**DATA PROVIDED**
^^^^
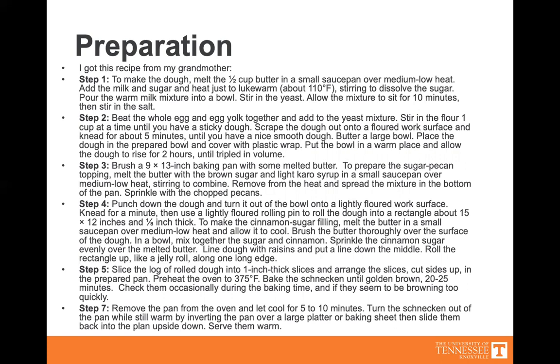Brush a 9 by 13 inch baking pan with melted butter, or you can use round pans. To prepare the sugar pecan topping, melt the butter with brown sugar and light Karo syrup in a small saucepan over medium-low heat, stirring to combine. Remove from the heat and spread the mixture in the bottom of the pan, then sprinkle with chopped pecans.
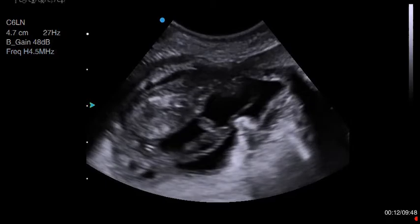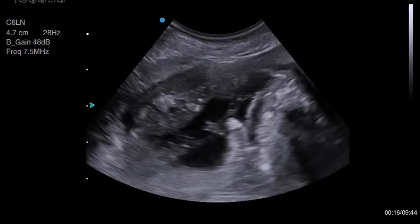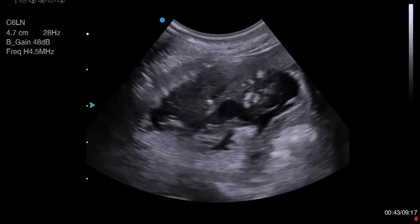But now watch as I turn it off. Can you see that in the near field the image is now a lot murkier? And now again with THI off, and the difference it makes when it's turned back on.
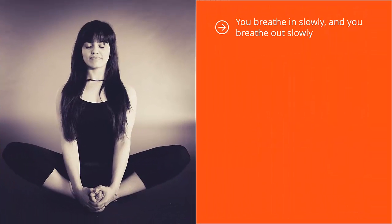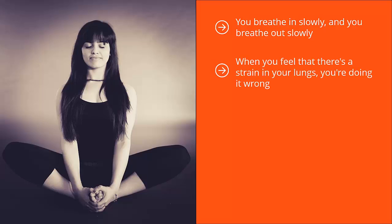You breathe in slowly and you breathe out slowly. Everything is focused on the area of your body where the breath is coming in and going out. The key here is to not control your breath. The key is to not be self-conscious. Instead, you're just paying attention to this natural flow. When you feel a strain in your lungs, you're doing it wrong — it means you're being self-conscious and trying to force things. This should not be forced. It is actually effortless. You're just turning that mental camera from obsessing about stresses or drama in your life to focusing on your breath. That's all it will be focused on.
^^^^
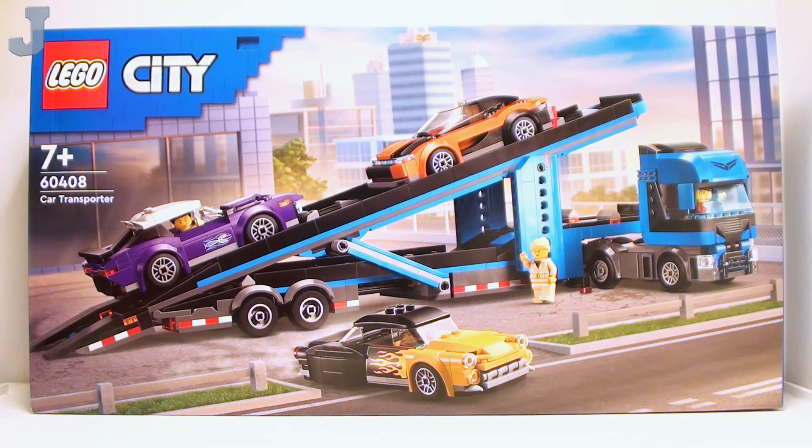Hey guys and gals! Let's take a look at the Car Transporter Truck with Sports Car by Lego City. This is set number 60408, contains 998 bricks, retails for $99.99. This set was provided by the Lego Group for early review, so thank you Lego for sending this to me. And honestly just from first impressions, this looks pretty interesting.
^^^^
**TASK ITEM**
Set down exactly the lines above, from the line containing "Brush a 9 by" through the line containing "But now watch". Skip the pictures.

**RESULT BELOW**
Brush a 9 by 13 inch baking pan with melted butter, or you can use round pans. To prepare the sugar pecan topping, melt the butter with brown sugar and light Karo syrup in a small saucepan over medium-low heat, stirring to combine. Remove from the heat and spread the mixture in the bottom of the pan, then sprinkle with chopped pecans.
But now watch as I turn it off. Can you see that in the near field the image is now a lot murkier? And now again with THI off, and the difference it makes when it's turned back on.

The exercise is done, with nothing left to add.